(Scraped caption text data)
*** Begin section ***

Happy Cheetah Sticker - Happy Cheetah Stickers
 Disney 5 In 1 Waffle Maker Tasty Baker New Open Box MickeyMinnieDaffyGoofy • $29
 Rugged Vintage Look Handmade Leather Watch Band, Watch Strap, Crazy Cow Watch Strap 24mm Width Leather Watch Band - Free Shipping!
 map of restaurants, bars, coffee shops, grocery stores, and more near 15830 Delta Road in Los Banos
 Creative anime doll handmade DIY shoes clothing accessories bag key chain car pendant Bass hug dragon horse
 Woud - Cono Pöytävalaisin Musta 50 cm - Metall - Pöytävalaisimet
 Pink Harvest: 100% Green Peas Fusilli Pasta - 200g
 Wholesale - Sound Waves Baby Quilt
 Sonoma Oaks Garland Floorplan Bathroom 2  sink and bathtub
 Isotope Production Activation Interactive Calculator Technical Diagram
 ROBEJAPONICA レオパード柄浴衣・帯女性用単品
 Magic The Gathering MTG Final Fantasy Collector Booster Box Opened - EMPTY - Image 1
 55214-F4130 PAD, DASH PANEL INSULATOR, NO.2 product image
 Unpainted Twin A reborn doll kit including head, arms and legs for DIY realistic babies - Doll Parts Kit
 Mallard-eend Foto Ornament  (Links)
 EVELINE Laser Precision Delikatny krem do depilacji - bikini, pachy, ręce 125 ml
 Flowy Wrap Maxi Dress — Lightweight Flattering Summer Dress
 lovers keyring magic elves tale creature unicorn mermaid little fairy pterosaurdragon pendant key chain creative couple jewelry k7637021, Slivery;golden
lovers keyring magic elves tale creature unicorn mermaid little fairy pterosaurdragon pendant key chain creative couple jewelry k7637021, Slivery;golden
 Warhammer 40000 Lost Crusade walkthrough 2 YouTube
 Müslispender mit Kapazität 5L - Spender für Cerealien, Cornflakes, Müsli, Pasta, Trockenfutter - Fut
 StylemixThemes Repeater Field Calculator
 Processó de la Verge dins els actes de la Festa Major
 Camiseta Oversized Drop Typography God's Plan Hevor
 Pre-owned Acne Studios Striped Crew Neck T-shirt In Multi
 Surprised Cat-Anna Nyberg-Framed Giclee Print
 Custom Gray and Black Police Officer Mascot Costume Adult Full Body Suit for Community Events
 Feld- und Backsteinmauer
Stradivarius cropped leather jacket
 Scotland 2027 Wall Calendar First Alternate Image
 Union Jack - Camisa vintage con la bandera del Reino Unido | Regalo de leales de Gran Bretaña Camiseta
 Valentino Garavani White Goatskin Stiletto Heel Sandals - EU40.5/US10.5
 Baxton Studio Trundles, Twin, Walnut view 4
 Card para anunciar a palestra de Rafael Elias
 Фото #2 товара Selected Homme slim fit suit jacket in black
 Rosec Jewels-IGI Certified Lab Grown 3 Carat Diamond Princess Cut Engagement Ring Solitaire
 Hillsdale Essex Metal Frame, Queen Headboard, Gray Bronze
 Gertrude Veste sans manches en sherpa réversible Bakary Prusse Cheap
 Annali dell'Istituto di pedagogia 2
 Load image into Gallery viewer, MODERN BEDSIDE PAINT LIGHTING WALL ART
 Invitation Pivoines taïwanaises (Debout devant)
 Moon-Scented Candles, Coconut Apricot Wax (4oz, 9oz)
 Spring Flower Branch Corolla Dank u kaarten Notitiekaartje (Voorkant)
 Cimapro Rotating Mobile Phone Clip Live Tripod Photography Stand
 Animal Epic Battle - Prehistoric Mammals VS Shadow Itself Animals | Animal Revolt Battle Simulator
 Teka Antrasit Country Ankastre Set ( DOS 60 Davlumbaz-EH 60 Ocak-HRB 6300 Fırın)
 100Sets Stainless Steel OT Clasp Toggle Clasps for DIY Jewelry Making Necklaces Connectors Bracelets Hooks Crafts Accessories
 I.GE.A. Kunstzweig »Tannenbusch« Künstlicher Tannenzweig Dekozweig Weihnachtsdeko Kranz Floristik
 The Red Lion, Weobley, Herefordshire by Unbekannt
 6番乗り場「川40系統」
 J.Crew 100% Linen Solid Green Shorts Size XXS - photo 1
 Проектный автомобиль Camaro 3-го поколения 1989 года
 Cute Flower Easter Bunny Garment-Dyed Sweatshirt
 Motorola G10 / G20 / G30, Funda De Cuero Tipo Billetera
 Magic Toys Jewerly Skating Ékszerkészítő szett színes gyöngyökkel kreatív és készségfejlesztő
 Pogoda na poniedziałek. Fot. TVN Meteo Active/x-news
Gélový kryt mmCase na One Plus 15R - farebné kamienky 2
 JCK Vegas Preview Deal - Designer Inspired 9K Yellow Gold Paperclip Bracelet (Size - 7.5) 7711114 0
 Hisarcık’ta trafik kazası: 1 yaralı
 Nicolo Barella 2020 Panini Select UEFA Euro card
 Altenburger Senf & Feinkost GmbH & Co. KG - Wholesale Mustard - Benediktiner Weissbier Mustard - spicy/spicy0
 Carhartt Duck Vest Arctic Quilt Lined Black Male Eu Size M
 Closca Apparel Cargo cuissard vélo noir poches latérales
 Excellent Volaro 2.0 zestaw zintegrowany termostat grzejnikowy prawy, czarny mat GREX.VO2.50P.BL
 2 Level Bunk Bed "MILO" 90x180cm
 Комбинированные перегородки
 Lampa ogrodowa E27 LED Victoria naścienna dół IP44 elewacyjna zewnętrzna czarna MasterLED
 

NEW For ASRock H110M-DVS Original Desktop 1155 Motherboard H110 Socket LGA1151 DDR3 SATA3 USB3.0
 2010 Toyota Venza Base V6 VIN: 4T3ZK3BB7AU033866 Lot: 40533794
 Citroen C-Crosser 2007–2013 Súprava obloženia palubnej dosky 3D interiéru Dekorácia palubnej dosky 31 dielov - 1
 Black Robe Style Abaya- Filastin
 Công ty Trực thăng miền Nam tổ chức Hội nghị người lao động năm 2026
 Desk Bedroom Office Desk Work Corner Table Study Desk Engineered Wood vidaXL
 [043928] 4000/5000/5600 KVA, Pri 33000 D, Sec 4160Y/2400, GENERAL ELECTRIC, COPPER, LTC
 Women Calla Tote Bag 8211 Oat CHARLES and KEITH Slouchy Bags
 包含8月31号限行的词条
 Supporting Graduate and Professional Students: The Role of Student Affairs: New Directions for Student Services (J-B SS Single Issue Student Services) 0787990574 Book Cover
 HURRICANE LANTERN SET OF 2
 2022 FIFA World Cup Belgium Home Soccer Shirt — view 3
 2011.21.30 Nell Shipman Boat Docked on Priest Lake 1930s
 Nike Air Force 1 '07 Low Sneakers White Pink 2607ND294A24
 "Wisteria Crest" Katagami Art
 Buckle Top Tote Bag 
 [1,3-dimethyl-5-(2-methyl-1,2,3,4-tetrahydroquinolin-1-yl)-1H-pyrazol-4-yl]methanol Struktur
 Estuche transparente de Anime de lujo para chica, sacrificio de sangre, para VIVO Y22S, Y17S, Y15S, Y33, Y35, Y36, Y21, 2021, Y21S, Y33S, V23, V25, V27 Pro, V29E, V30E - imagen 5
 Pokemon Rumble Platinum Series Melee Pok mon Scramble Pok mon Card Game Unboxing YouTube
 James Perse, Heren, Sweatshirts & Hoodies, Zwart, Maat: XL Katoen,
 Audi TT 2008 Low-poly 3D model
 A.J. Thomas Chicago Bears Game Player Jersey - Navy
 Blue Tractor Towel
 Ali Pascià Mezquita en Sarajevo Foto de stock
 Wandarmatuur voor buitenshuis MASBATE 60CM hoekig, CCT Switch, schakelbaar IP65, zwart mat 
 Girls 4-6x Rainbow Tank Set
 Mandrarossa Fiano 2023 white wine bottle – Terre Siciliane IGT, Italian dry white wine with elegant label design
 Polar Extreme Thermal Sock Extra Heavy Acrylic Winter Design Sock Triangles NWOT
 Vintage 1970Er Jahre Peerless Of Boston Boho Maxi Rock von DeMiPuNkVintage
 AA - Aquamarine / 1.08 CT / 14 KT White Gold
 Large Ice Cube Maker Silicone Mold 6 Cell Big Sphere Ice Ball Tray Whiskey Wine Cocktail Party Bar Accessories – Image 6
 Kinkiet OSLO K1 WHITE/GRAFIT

*** End section ***

*REQUIRED WORK:* In the entries, find the line containing "Vintage 1970Er Jahre" and output it and all remaining lines exactly.

*WRITTEN RESPONSE:*
 Vintage 1970Er Jahre Peerless Of Boston Boho Maxi Rock von DeMiPuNkVintage
 AA - Aquamarine / 1.08 CT / 14 KT White Gold
 Large Ice Cube Maker Silicone Mold 6 Cell Big Sphere Ice Ball Tray Whiskey Wine Cocktail Party Bar Accessories – Image 6
 Kinkiet OSLO K1 WHITE/GRAFIT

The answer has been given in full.